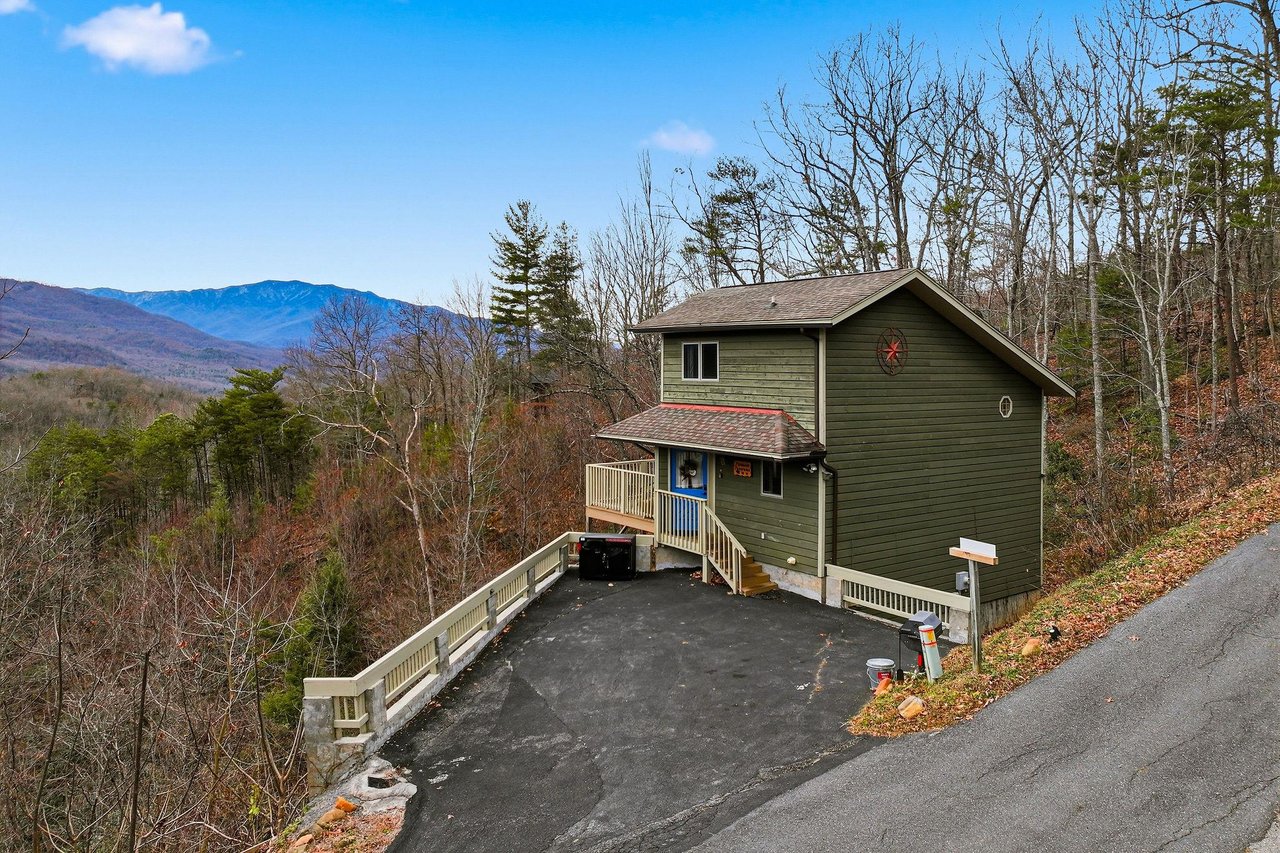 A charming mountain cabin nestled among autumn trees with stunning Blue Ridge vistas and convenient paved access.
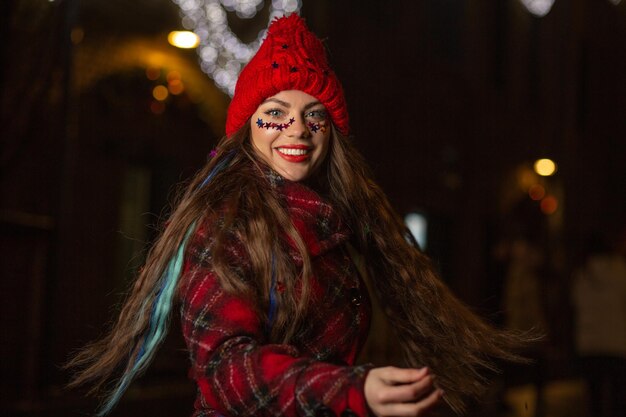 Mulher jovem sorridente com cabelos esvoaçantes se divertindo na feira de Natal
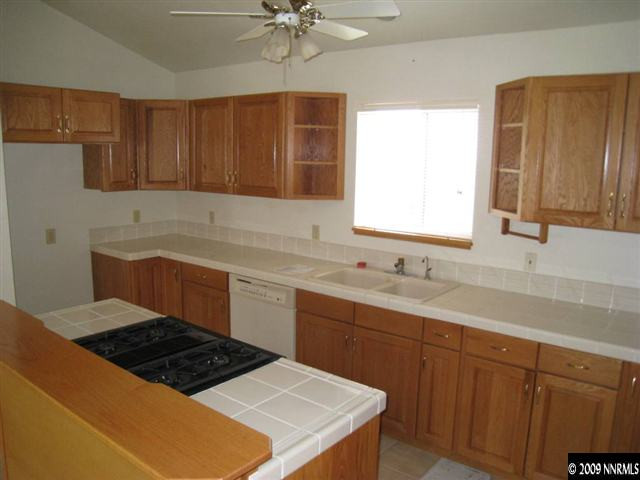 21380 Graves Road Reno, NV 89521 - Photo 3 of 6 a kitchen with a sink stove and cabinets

WHAT TO PRODUCE:
Every line above is to be written out unchanged, with the pictures omitted.

SOLUTION TO THIS TASK:
 A charming mountain cabin nestled among autumn trees with stunning Blue Ridge vistas and convenient paved access.
 Mulher jovem sorridente com cabelos esvoaçantes se divertindo na feira de Natal
 21380 Graves Road Reno, NV 89521 - Photo 3 of 6 a kitchen with a sink stove and cabinets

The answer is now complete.